**TRY IT**
The answer must be every line of the records below that contains the word "nécessite", copied out.

**DATASET ENTRIES**
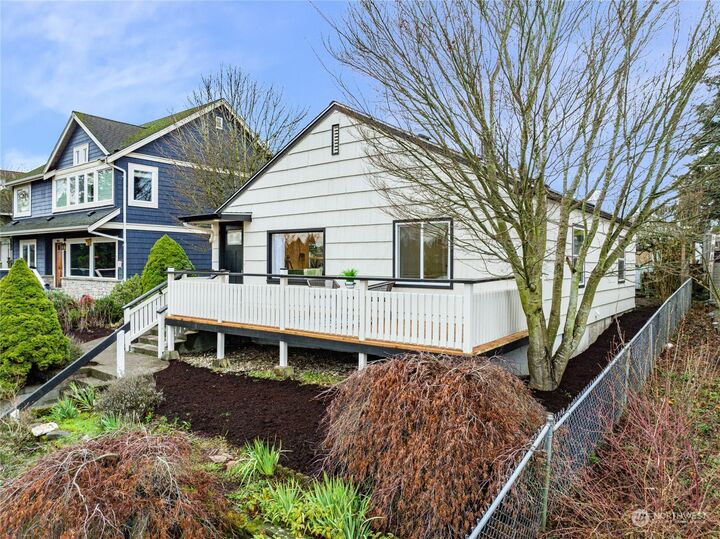 Property Photo:  5037  41st Ave  SW  WA 98136 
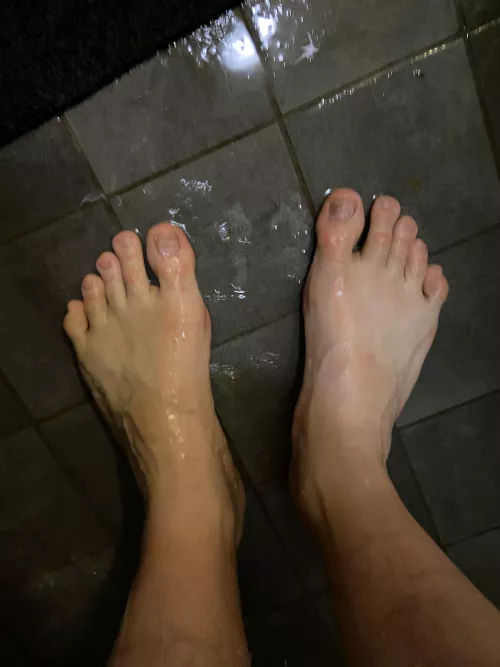 31, size 13 shower feet. by sexysandwich1990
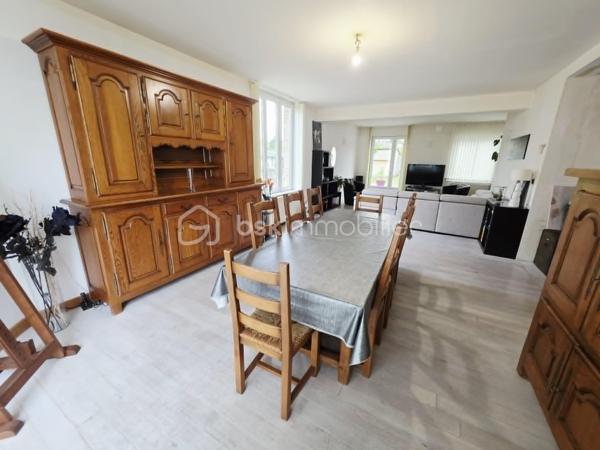 EXCLUSIVITÉ BSK IMMOBILIER STEPHANIE MASSON 

Situé à Vouziers, découvrez cet ensemble immobilier rare composé de deux maisons d’habitation ainsi que d’un vaste terrain constructible, pour une contenance totale d’environ 3 350 m².

Derrière cette magnifique bâtisse de caractère datant de la fin du XIXe siècle se cache un potentiel exceptionnel, aussi bien pour une résidence familiale, un projet multigénérationnel, une activité locative ou un investissement immobilier.

La maison principale développe environ 214 m², dont environ 110 m² actuellement rénovés et habitables. Vous y découvrirez une belle pièce de vie lumineuse d’environ 47 m² avec cuisine équipée ouverte sur salon-séjour, une buanderie, deux chambres ainsi qu’une salle de bain avec WC.

Cette partie bénéficie de menuiseries double vitrage ainsi que d’un chauffage central gaz de ville par chaudière à condensation (absence d’anomalie gaz). La toiture principale date de 1990.

Le DPE actuel de cette maison est classé F (319 kWh/m²/an) et GES F (70 kgCO₂/m²/an). À noter que cette classification est fortement impactée par les deux étages non rénovés, qui ne disposent actuellement ni de chauffage, ni d’isolation, avec des menuiseries simple vitrage. Cette partie nécessite donc une rénovation complète.

Le reste de la bâtisse (1er et 2ème étage) offre encore de très beaux volumes comprenant notamment :

plusieurs chambres,
salle de bain,
salle d’eau,
pièces annexes,
terrasse de plus de 60 m² au 1er étage.

L’ensemble de ces niveaux est entièrement à rénover : isolation, chauffage, électricité, menuiseries, revêtements et aménagements intérieurs.

Concernant le rez-de-chaussée déjà aménagé, quelques finitions restent à prévoir, notamment au niveau de la cuisine.

La maison dispose également :

d’une terrasse au rez-de-chaussée,
d’une cave sous l’ensemble de la surface,
d’un garage.

Une seconde maison de plain-pied d’environ 138 m² complète cet ensemble immobilier. Anciennement proposée à la location, elle comprend une entrée desservant une cuisine équipée, un salon, quatre chambres ainsi qu’une salle de bain avec WC. Vous y trouverez également une terrasse d’environ 40 m² et un garage.

Le DPE actuel de cette maison est classé D (248 kWh/m²/an) et GES D (42 kgCO₂/m²/an).

Cette seconde habitation nécessite quelques finitions. La toiture date de 2010.

Les + :
✔ Ensemble immobilier rare sur le secteur
✔ Cachet exceptionnel de l’ancien
✔ Terrain constructible en zone UBv
✔ Deux habitations indépendantes
✔ Possibilité de projet locatif ou familial
✔ Fort potentiel de valorisation
✔ Toiture principale de 1990

Il est également possible de détacher et revendre environ 2 000 m² de terrain situés en zone UBv, représentant un véritable atout supplémentaire pour un futur acquéreur ou investisseur.

Ce bien atypique séduira les amateurs de belles pierres, les investisseurs ou les acquéreurs à la recherche d’un projet immobilier d’envergure.

Secteur classé ABF.

Prix de vente : 212 000 € FAI

Taxe foncière : 2 813 €

Pour plus d’informations ou organiser une visite, contactez-moi au 06 59 60 36 68.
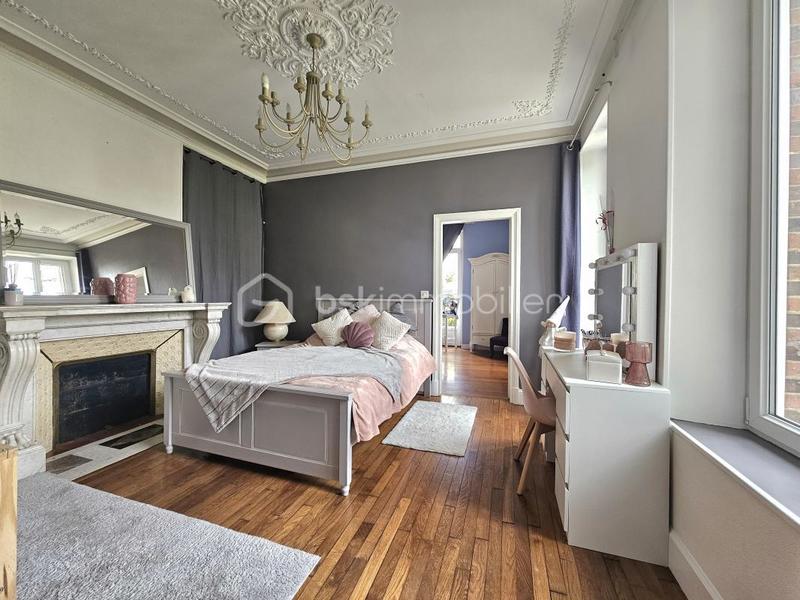 Maison - 208 m² - 8 pièces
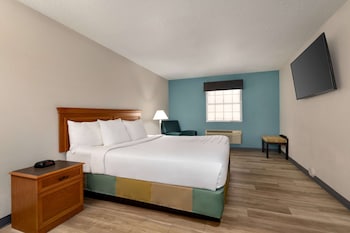 Room, 1 King Bed, Accessible, Non Smoking (Mobility/Hearing Accessible)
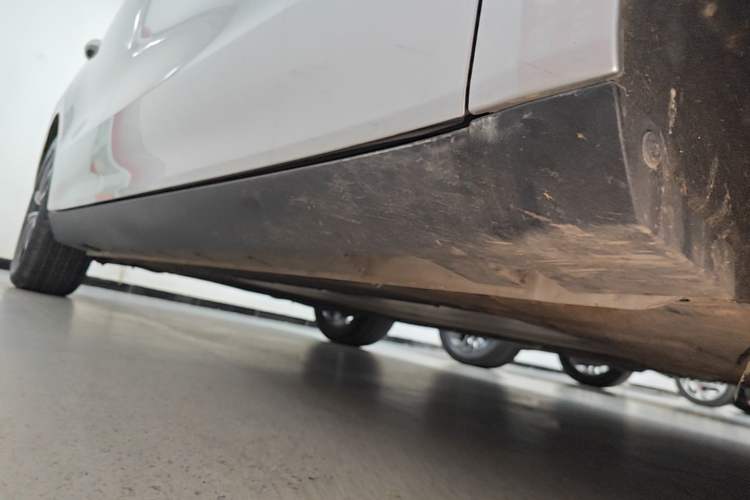 Used Roewe D7 2025 DMH 125km World Champion Excellence Edition Right Side Sill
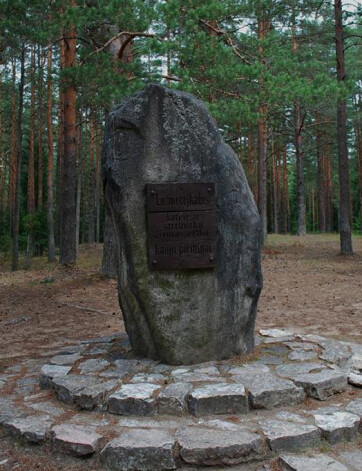 Sestdien, atceroties Ziemassvētku kaujas, Ložmetējkalnā tik iedegti Atmiņu ugunskuri.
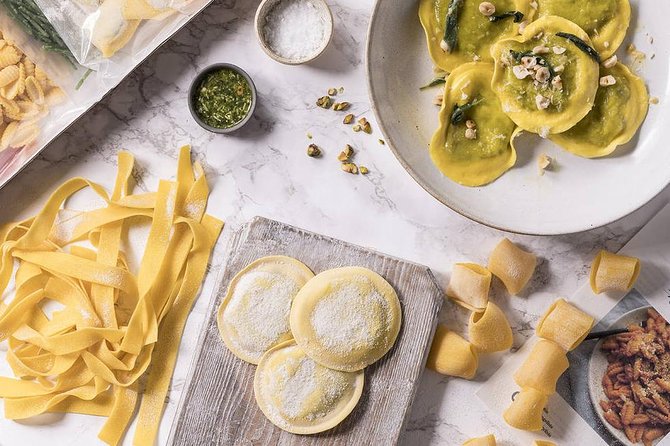 Poggibonsi: Pizza & Ice Cream Cooking Class with Wine
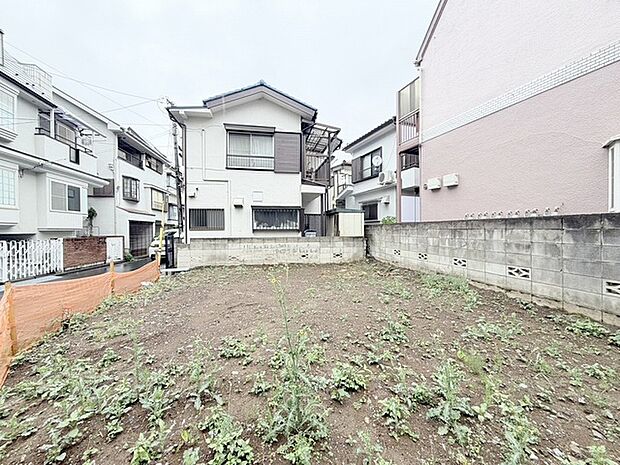 現地のご見学予約もスタートしました。周辺で売りに出ている物件も沢山御座います。まとめてご見学ができますのでお気軽にお申しつけください。
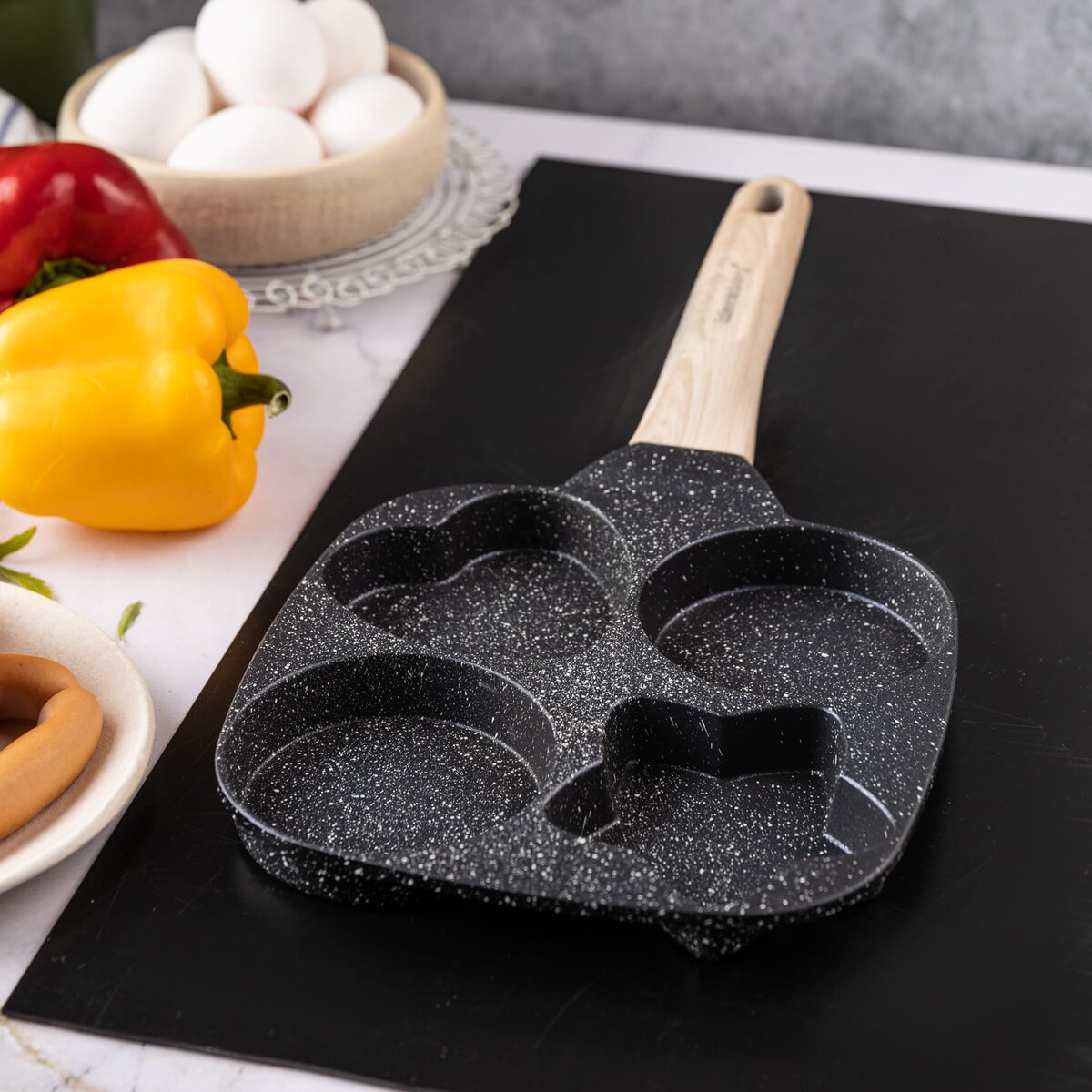 Patelnia marmurkowa 4 w 1 do naleśników jajek placków pancake 18cm CZARNA KLAUSBERG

**RESULT OF THE TASK**
Le DPE actuel de cette maison est classé F (319 kWh/m²/an) et GES F (70 kgCO₂/m²/an). À noter que cette classification est fortement impactée par les deux étages non rénovés, qui ne disposent actuellement ni de chauffage, ni d’isolation, avec des menuiseries simple vitrage. Cette partie nécessite donc une rénovation complète.
Cette seconde habitation nécessite quelques finitions. La toiture date de 2010.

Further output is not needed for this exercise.